I am a FPGA beginner and recently I tried a very simple flowing-light program that went well on my computer. However, the LEDs on my Zybo remain the initial state(only the leftmost LED lights up) no matter how long I wait. I searched for the solution for a week and tried any way I can think of even borrowed another board from my friend, yet the problem just exists.
Here's my verilog code
top.v
module top(
input clk,
output [3:0] led
);
reg [23:0] cnt_reg;
reg [3:0] led_reg;
initial begin
cnt_reg <= 0;
led_reg <= 4'b1000;
end
always @(posedge clk)begin
if(cnt_reg == 24'h00000f)
begin
if(led_reg == 4'b0001)
led_reg <= 4'b1000;
else
led_reg <= led_reg>>1;
end
else
cnt_reg <= cnt_reg + 1;
end
assign led = led_reg;
endmodule
Here's my constraint
set_property -dict { PACKAGE_PIN M14 IOSTANDARD LVCMOS33 } [get_ports { led[0] }]; #IO_L23P_T3_35 Sch=LED0
set_property -dict { PACKAGE_PIN M15 IOSTANDARD LVCMOS33 } [get_ports { led[1] }]; #IO_L23N_T3_35 Sch=LED1
set_property -dict { PACKAGE_PIN G14 IOSTANDARD LVCMOS33 } [get_ports { led[2] }]; #IO_0_35=Sch=LED2
set_property -dict { PACKAGE_PIN D18 IOSTANDARD LVCMOS33 } [get_ports { led[3] }]; #IO_L3N_T0_DQS_AD1N_35 Sch=LED3
set_property -dict { PACKAGE_PIN L16 IOSTANDARD LVCMOS33 } [get_ports { clk }]; #IO_L11P_T1_SRCC_35 Sch=sysclk
Here's my testbench
`timescale 1ns/1ps
module tb();
reg clk;
wire [3:0] led;
top U0 (.clk(clk), .led(led));
parameter Period = 10;
always begin
clk = 1'b0;
#(Period/2) clk=1'b1;
#(Period/2);
end
initial begin
clk = 1'b0;
#1000000;
end
endmodule
And the simulation result shows below: the simulation result
After programming my device LEDs just remain the initial state
After programming my device LEDs just remain the initial state
Your LEDS do not remain in the init state because all four of them light up. In the init state you have "1000". Which would be one on and three off (or vice versa depending on on how they are connected).

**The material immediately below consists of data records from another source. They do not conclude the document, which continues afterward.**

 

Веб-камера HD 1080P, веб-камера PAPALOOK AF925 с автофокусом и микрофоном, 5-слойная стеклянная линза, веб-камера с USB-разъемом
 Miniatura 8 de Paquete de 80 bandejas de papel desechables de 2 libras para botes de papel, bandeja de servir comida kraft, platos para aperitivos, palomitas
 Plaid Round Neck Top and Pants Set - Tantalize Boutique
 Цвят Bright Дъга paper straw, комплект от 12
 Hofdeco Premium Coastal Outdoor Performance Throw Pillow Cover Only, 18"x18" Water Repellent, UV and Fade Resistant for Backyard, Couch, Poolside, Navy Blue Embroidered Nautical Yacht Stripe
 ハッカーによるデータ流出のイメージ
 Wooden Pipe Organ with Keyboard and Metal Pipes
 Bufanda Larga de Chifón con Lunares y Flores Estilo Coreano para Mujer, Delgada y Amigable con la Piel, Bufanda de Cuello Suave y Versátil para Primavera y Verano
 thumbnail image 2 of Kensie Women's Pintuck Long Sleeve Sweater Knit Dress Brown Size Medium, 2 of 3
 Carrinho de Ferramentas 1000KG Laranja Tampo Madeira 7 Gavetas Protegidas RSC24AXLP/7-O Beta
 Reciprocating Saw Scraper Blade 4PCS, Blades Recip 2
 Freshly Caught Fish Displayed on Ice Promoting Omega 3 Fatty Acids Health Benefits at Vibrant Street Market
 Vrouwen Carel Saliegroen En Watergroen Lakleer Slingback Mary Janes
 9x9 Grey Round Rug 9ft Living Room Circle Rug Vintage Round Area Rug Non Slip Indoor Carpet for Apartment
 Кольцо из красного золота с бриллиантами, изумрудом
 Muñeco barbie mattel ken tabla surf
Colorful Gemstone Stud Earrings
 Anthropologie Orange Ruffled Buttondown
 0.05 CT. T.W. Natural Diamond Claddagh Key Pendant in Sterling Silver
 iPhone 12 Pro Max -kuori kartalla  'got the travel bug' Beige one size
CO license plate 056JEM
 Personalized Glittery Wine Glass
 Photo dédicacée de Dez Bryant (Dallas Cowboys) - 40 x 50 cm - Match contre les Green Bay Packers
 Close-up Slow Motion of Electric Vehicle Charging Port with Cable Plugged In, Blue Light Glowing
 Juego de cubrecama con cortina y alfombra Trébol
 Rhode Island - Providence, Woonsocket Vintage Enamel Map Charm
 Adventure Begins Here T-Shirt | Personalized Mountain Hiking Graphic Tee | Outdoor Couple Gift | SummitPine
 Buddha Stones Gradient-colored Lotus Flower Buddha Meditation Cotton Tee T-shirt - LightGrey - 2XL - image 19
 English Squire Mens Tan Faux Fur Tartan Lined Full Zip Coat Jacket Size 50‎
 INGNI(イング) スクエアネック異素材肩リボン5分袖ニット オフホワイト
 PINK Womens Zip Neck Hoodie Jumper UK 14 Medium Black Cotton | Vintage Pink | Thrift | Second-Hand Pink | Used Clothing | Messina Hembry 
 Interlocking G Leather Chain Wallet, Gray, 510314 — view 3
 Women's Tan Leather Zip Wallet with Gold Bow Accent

What is happening is that you board behave just like your simulation result shows you: every clock cycle the next LED lights up. Your clock is probably around 10MHz or 100MHz so you don't see that.
To fix this you need two things:
You need to count longer. How big depends on your clock frequency so find out what it is.
Fix your counter code. Once the counter value is reached it no longer counts. It stays at 24'h00000F. You waveform does not show that but your code is obvious.